## TASK
Write out every line below with no difference at all.

## RECORDED DATA
┌──
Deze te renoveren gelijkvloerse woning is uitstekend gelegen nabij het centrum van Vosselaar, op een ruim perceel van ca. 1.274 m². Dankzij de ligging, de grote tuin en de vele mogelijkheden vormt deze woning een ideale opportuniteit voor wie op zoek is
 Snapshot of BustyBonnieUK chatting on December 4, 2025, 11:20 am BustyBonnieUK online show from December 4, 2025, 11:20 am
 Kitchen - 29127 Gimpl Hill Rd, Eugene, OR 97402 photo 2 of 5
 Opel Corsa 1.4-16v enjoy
└──
## ANSWER SPACE
Deze te renoveren gelijkvloerse woning is uitstekend gelegen nabij het centrum van Vosselaar, op een ruim perceel van ca. 1.274 m². Dankzij de ligging, de grote tuin en de vele mogelijkheden vormt deze woning een ideale opportuniteit voor wie op zoek is
 Snapshot of BustyBonnieUK chatting on December 4, 2025, 11:20 am BustyBonnieUK online show from December 4, 2025, 11:20 am
 Kitchen - 29127 Gimpl Hill Rd, Eugene, OR 97402 photo 2 of 5
 Opel Corsa 1.4-16v enjoy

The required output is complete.